**Data excerpt**
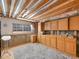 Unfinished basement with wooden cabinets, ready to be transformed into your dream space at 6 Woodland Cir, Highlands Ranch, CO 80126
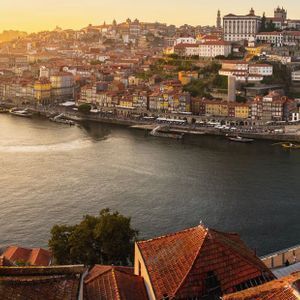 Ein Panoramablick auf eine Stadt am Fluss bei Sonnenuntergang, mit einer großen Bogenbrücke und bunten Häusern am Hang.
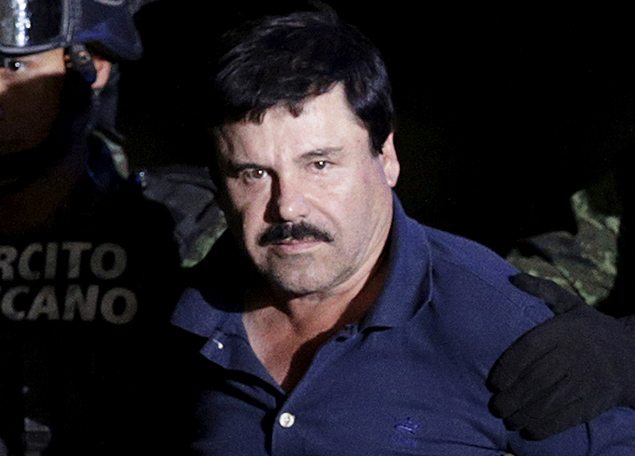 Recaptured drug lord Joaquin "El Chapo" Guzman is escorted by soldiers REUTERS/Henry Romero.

**Task to complete**
All that is needed here is the run of lines from the one containing "Ein Panoramablick auf" through the end of the material above, reproduced exactly and without pictures.

**Solution to this exercise**
 Ein Panoramablick auf eine Stadt am Fluss bei Sonnenuntergang, mit einer großen Bogenbrücke und bunten Häusern am Hang.
 Recaptured drug lord Joaquin "El Chapo" Guzman is escorted by soldiers REUTERS/Henry Romero.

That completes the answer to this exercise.